To the haters — I know you’re out there, so I’m just going to address you upfront. 

 

Some may say this idea creates a high chance for exploitation of animals. For example, charging a fee to swim with manatee researchers can indirectly harm the animals because of the additional human interaction.

 

This is true, and it is something we need to be on extreme alert for.

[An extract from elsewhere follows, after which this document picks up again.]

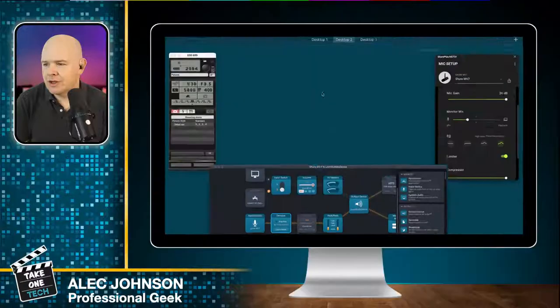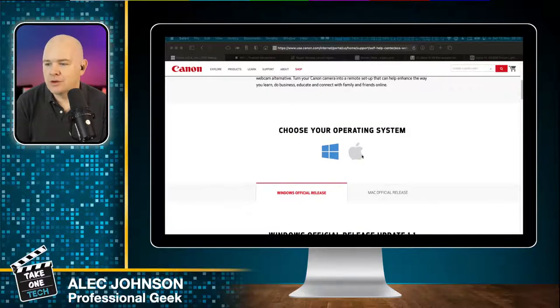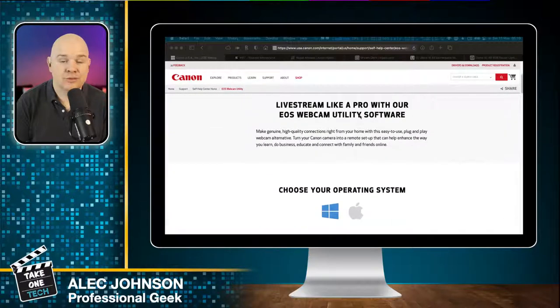I can show you the website for the Canon EOS Webcam Utility — if you search for it, it takes you to the page. It's a free application; you just select whether you're on Windows or Mac and download it. It's pretty easy to set up and shows up as a webcam in your list of cameras, so if you're using Zoom or Microsoft Teams you can use it as a camera. I don't think it works with FaceTime, but for most applications it's great.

But the reality is that unethical businesses are already doing this.

 

I have a friend who went to Florida with her family and they wanted to swim with manatees. The cheapest option they found was to go to a private residence (a. sketch) that actually allowed them to pet and hug manatees (b. not cool). 

 

As an endangered species, this is completely illegal. Of course, her and her family didn’t know it’s illegal, but the private company definitely should have known better. 

 

But, hey, it’s how they make money.

 

The main point is, so many unethical tourist traps like this are already out there, benefiting from the funds they get from uninformed consumers. This will continue to grow unless we can encourage people to only support trips from vetted, ethical companies.

 

If we have a place on the internet that contains verified opportunities, educating how certain animal encounters actually give back (vs. the ones that don’t), then the customer can make more informed decisions. 

 

A few other concerns

 

I posted this article earlier and got some negative feedback, and I’ll address those concerns here.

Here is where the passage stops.